▶ THE TASK: All of the listing is to be written out word for word, with the pictures left out.

▶ DATA SECTION:
--- START ---

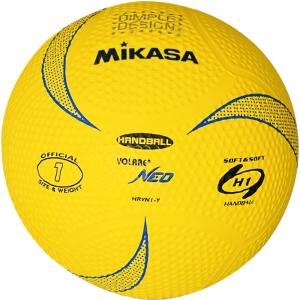 ミカサ MIKASA ミカサ ソフトハンドボール1号150g HVN110SB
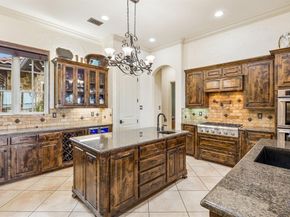 6212  Lakeside Drive , Fort Worth Texas 76179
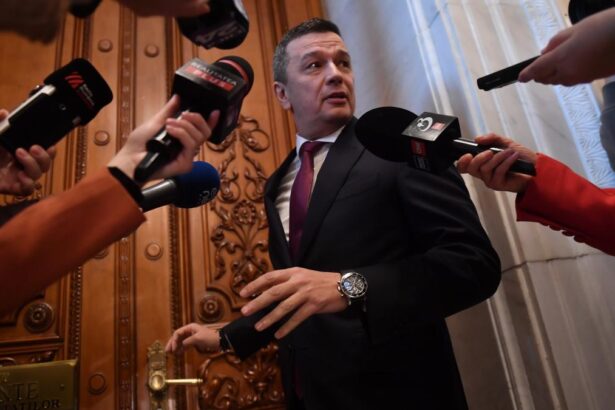 Grindeanu intrebat daca este pregatit sa preia functia de premier in locul lui Bolojan Suntem pregatiti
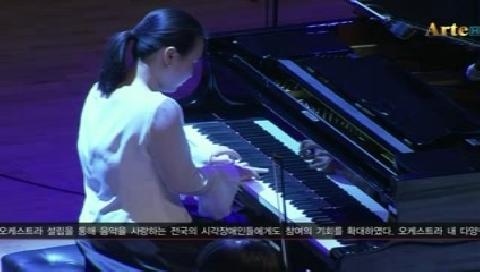 2018년 혜광앙상블 페스티벌(피아노 5중주)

--- END ---

▶ REPLY TO THE TASK:
 ミカサ MIKASA ミカサ ソフトハンドボール1号150g HVN110SB
 6212  Lakeside Drive , Fort Worth Texas 76179
 Grindeanu intrebat daca este pregatit sa preia functia de premier in locul lui Bolojan Suntem pregatiti
 2018년 혜광앙상블 페스티벌(피아노 5중주)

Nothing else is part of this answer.